▶ Task to carry out: From the line that has "クリスマス1回目の誕生日かわいいピンクの冬の動物 ペーパープレート (パーティー)" down to the last line of the data below, set down every line exactly, but none of the pictures.

▶ Records drawn from a dataset:

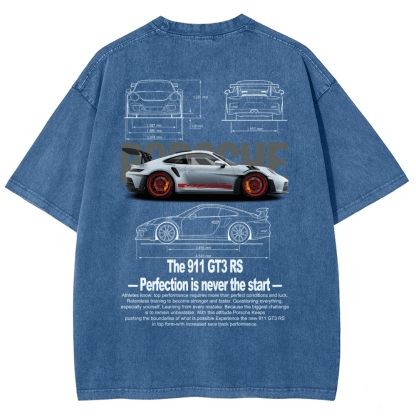 911 GT3 RS Racing Unisex Fit Washed T-Shirt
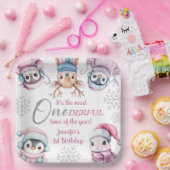 クリスマス1回目の誕生日かわいいピンクの冬の動物 ペーパープレート (パーティー)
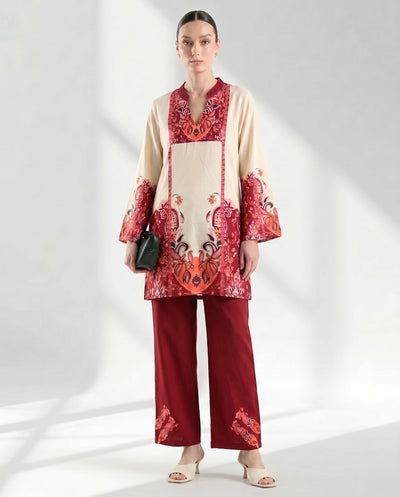 Red Paisley Border Print Two-Piece Lounge Set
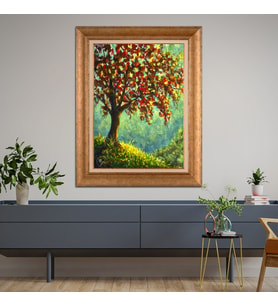 Altın Varaklı Paspartulu Çerçeveli Tablo rv083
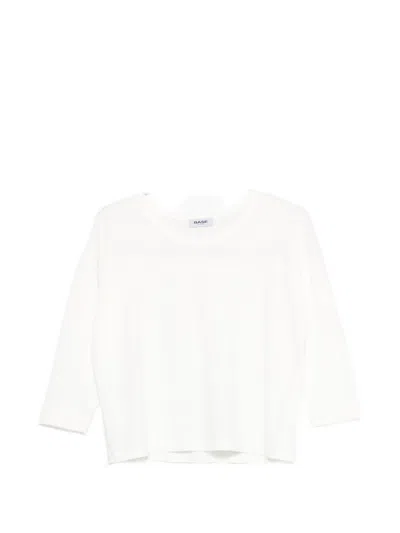 Base Linen Crewneck Sweater In White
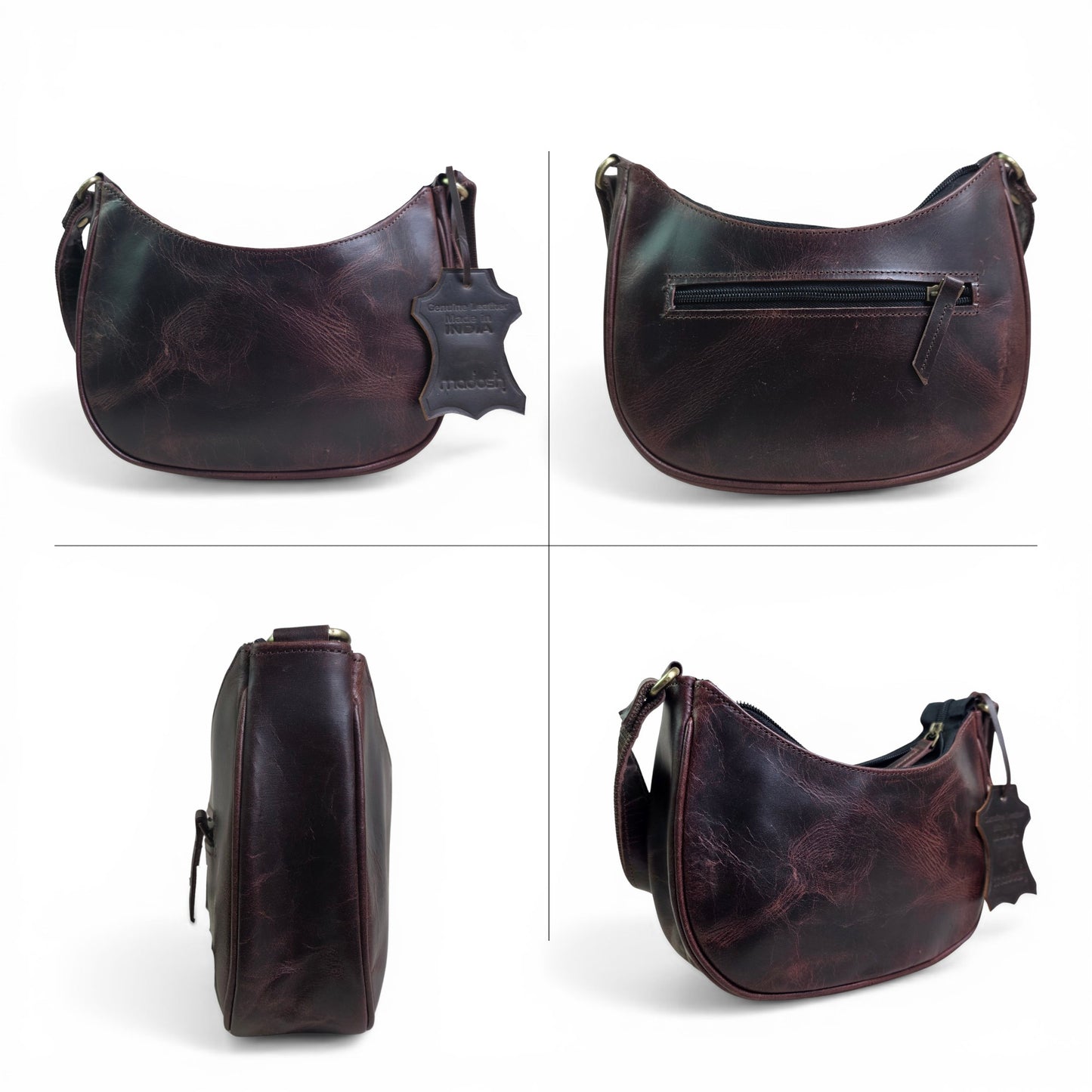 Madosh Genuine Leather Half Moon Crossbody Bag for Women – Small Crescent Shoulder Purse, Minimalist dark Brown Handbag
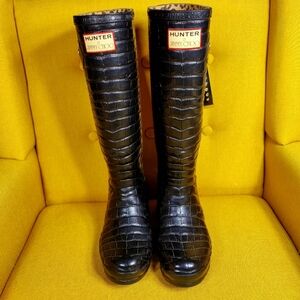 JIMMY CHOO & HUNTER Special Edition Rain Croc Black Animal Print Lined Boot Sz 4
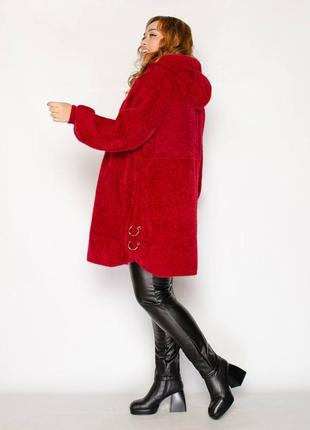 Короткое пальто куртка альпака большого размера с капюшоном6 фото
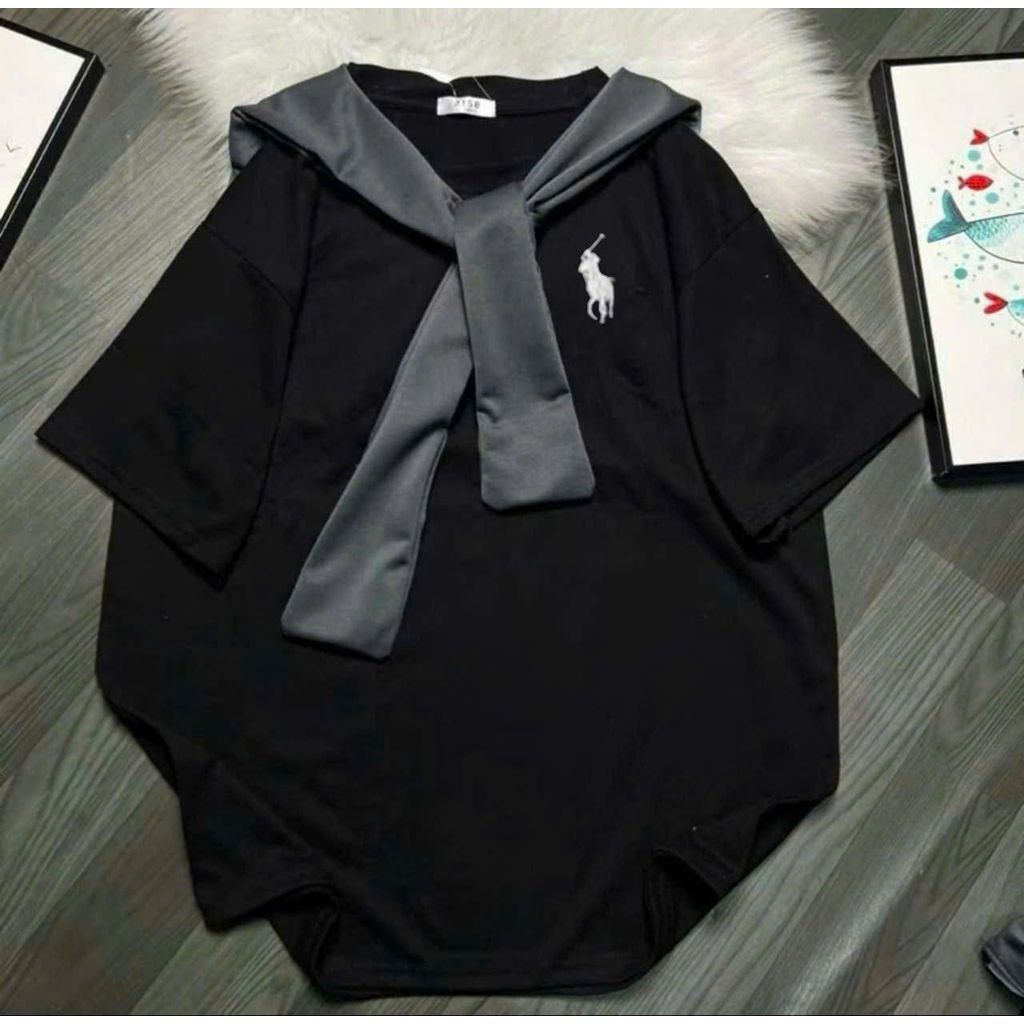 Áo thun thủy thủ hình con ngựa  chất cotton +phối khăn quàng thoáng mát -phong3158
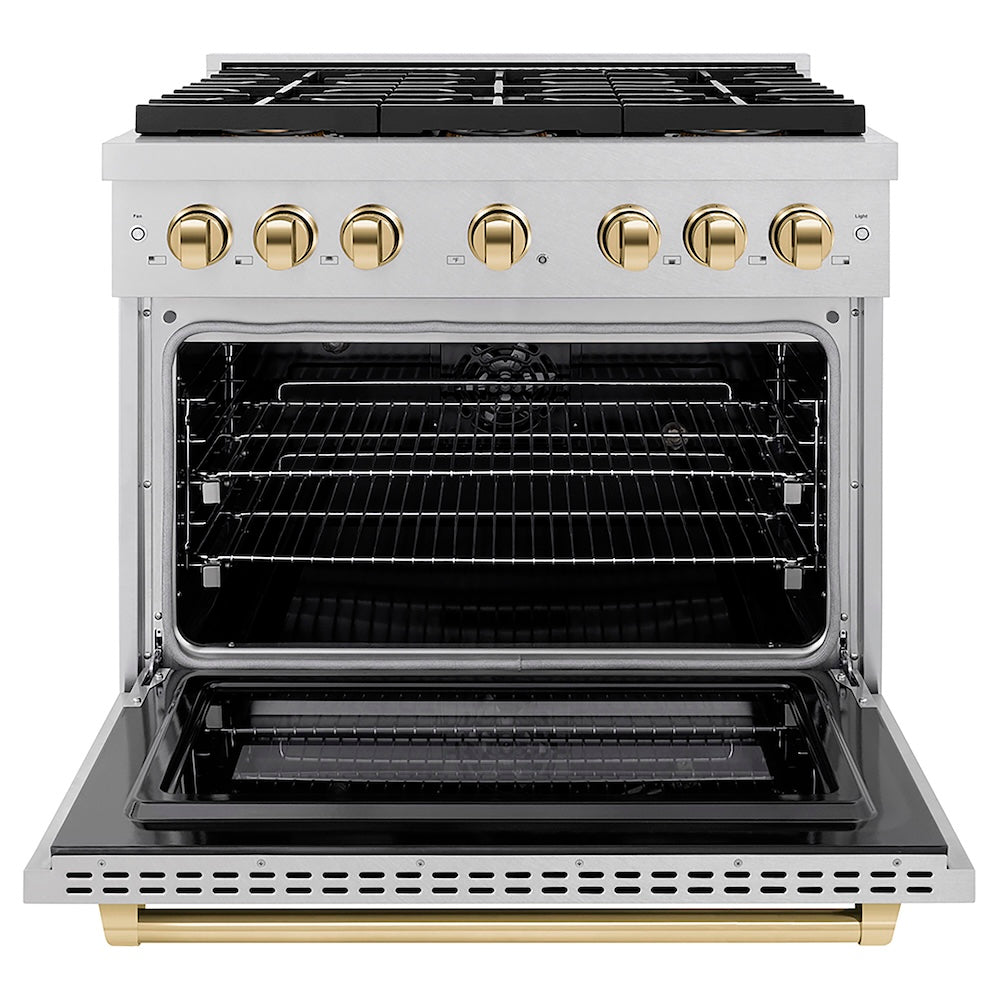 ZLINE Autograph Edition 36 in. 5.2 cu. ft. Paramount Dual Fuel Range with 6 Burner DuoPro™ Cooktop and Electric Convection Oven in Satin Stainless Steel and Polished Gold Accents, Open Box-Good Condition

▶ Result:
 クリスマス1回目の誕生日かわいいピンクの冬の動物 ペーパープレート (パーティー)
 Red Paisley Border Print Two-Piece Lounge Set
 Altın Varaklı Paspartulu Çerçeveli Tablo rv083
 Base Linen Crewneck Sweater In White
 Madosh Genuine Leather Half Moon Crossbody Bag for Women – Small Crescent Shoulder Purse, Minimalist dark Brown Handbag
 JIMMY CHOO & HUNTER Special Edition Rain Croc Black Animal Print Lined Boot Sz 4
 Короткое пальто куртка альпака большого размера с капюшоном6 фото
 Áo thun thủy thủ hình con ngựa  chất cotton +phối khăn quàng thoáng mát -phong3158
 ZLINE Autograph Edition 36 in. 5.2 cu. ft. Paramount Dual Fuel Range with 6 Burner DuoPro™ Cooktop and Electric Convection Oven in Satin Stainless Steel and Polished Gold Accents, Open Box-Good Condition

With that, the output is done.